How To Knw If Online Learning Is Right Vr You
This article originally appeared on Glassdoor and is reprinted with permission.
As a parent, I can’t help but be concerned about how my daughter will assimilate into the globalized society of the future. While modern education systems like UC Berkeley, Harvard and MIT are generally acknowledged as high-quality research universities, teaching is only one part of the equation — the focus should be on learning to think for oneself, something that becomes more complicated with more and more miles between us. As educators and parents, we want our children to be cultured and intelligent people, not just fully functioning robots. So what are the changes we can make to ensure that this happens?
Online learning can help with this
Before I answered that question, I had to try it out for myself. My daughter has been leading her own classes for the past couple of years, so I thought I’d take the University of Michigan Ann Arbor’s Class of 2019 options offered online.
Besides providing a wide range of classes for just about anyone who wants to learn, the University of Michigan’s online classes are free and only require a login and password. I’m usually fine giving my daughter my credit card details over the internet, so this membership alone was enticing. However, they required both students and teachers to give between three and five weeks notice before starting and complete their classes online. This means there’s still a chance of my daughter receiving help from teachers in the classroom to revise key topics and passages. There’s a wide variety of subject options, from healthcare to STEM, but, to my surprise, there’s also a handful of philosophy classes.
When I posted a job opportunity for my daughter on Glassdoor as an online education coordinator, a colleague said he’d been on a few online education courses from Detroit’s Wayne State University. Glassdoor is typically less than half as expensive as schools like Michigan’s, so this is certainly something to keep in mind.

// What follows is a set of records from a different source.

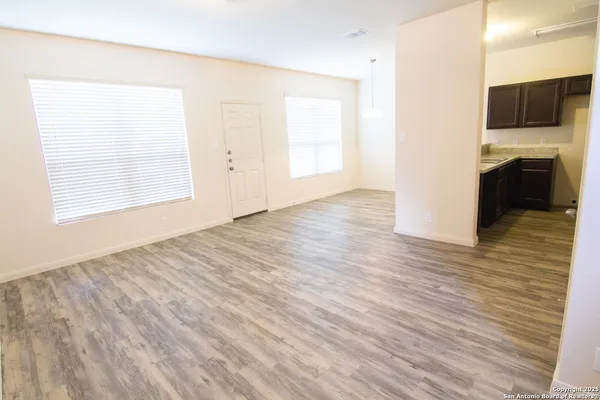 a view of a livingroom with wooden floor and a ceiling fan
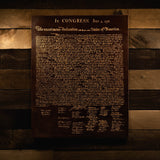 Leather Declaration of Independence hanging on a wood wall by Savage Gentleman. 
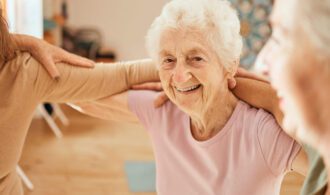 A old woman smiles in memory care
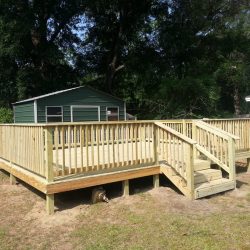 A newly constructed wooden deck with railings and stairs in a backyard, next to a green shed and surrounded by trees.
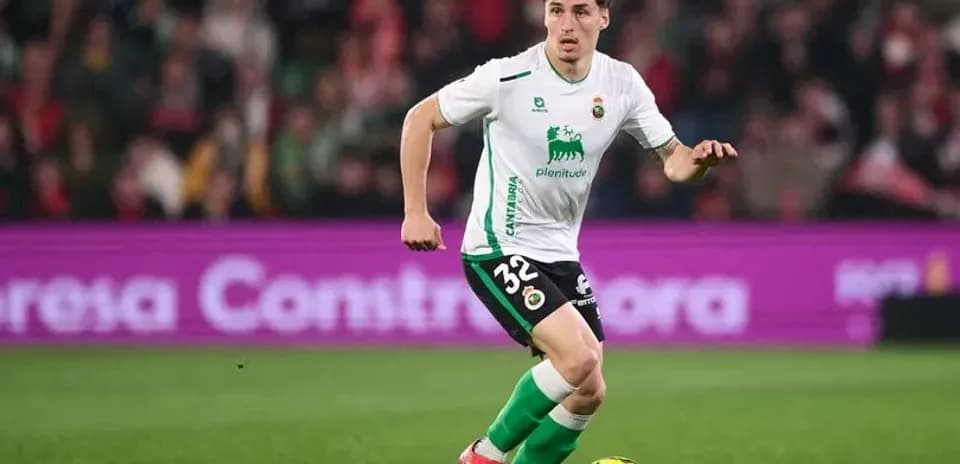 Player in green and white kit dribbling ball on pitch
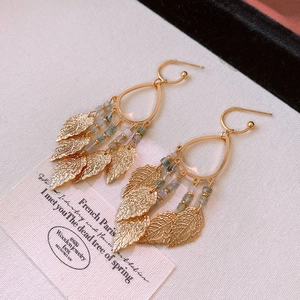 Detail of vintage gold tassel earrings with green beads and delicate leaf pendants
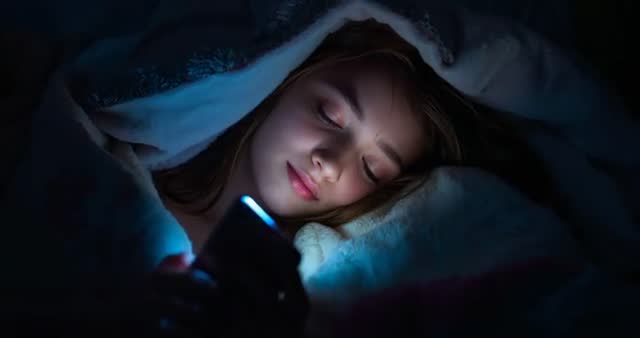 Teen Relaxing Under Blankets Using Smartphone at Night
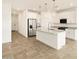 Modern kitchen featuring granite countertops, stainless steel appliances, and an island with pendant lighting at 19390 N Fiano Dr, Maricopa, AZ 85138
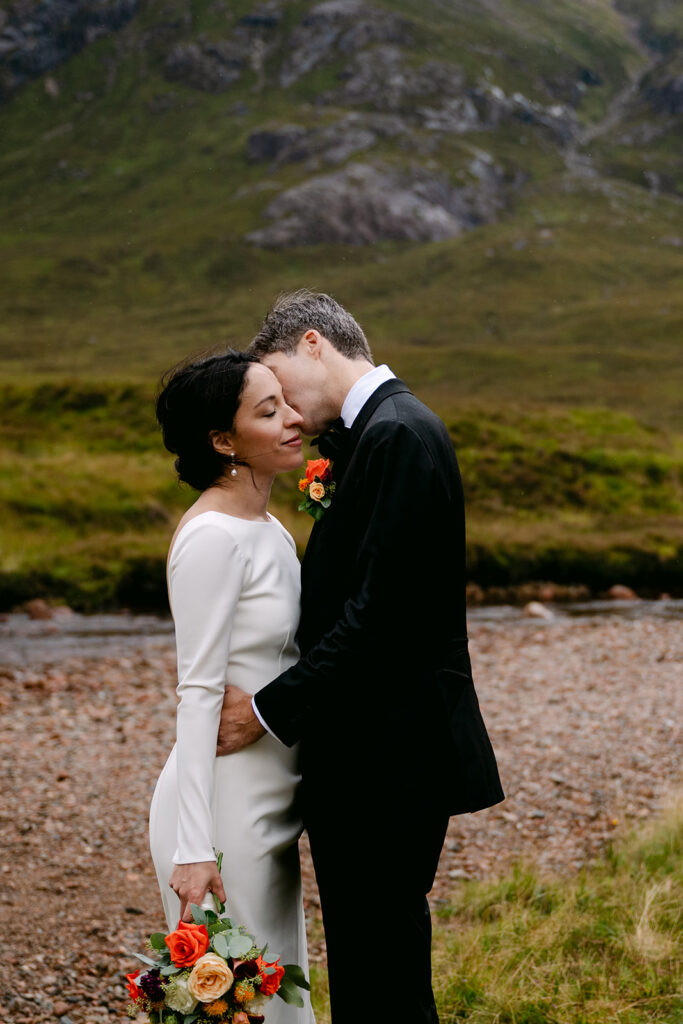 Groom kissing bride’s forehead by a river with Scottish Highlands mountains in the background during intimate wedding.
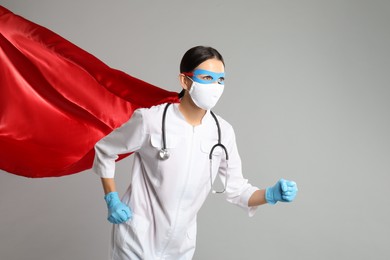 Photo of Doctor dressed as superhero posing on light grey background. Concept of medical workers fighting with COVID-19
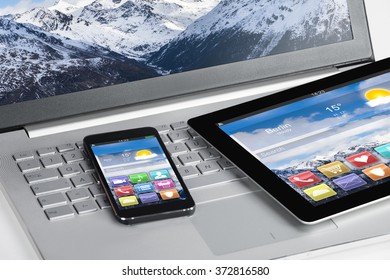 High angle view of digital tablet and smartphones on laptop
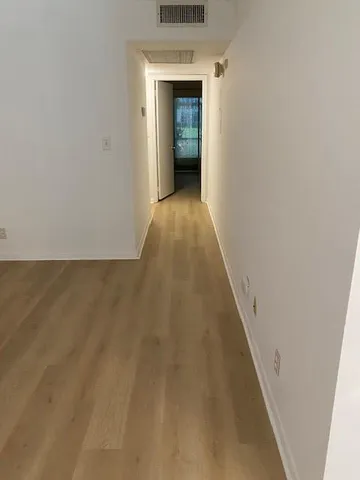 a view of a hallway with wooden floor and a white door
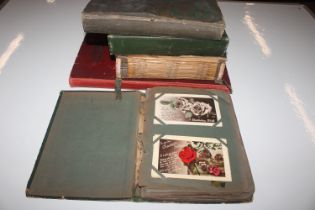 Five vintage post-card albums and contents
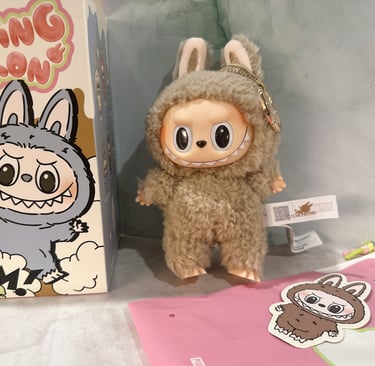 Pop Mart Labubu Exciting Macaron plush doll standing next to its collectible blind box packaging.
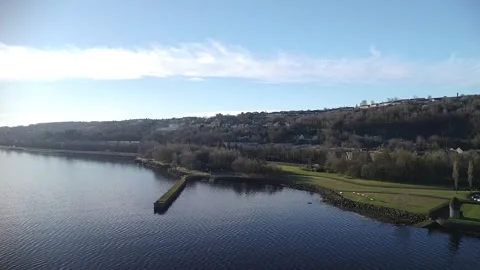 Hillside Harbor Jetty and Riverside Homes Stock Footage 271019028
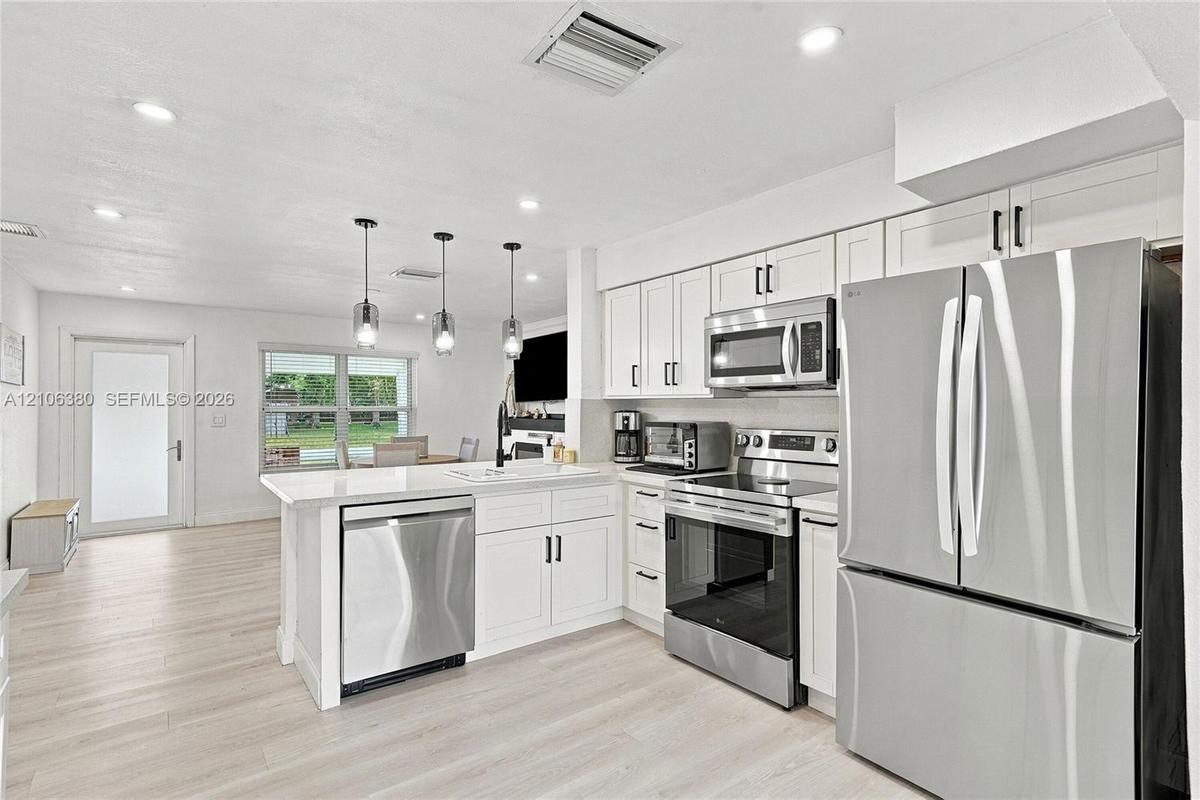 Kitchen featuring white shaker-style cabinetry, stainless steel appliances, quartz countertops, a peninsula with pendant lighting, and light-toned woo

While online classes are certainly cheaper than traditional ones, they’re not always accessible to everyone. You’ll probably want to get advice on how your kid would benefit from online education from your local university or online tutoring center. However, I’m betting that one of the worst things that will happen to online education is that parents will sell out their kids and force them to take what feels like the least challenging classes possible. There’s even more pressure from employers to get an online degree, especially if the position requires online communication skills.
In general, online learning is better for students who like to learn on their own and prefer working from their own devices. I’m not advocating that my daughter should start doing it full-time, but for those of us who like to study independently, online courses make this more feasible.
More than it sounds
Learning online has a variety of advantages. I had previously taken a number of classes online, and they were never as interesting and relaxing as taking a lecture at a university campus in person. Online courses were a blast and kept me entertained for hours. The spoken course content changed drastically, but the unique content of each lecture made it hard to resist. It reminded me of those old school flicks where everybody’s an actor and a minute section was taken up by an extra credit scenario.
Like any college or university, there are bound to be weird moments as you look at yourself on your computer screen. But this is the same as when you’re sitting in a class with people you have never met before. Being completely involved in the material at hand, I found I had to actively seek out my classmates’ levels of knowledge, since it was easier for my brain to understand given the scale of knowledge. In fact, class sizes were smaller for this online class and I felt like the attention was actually better. This dedication paid off when it came to exam time.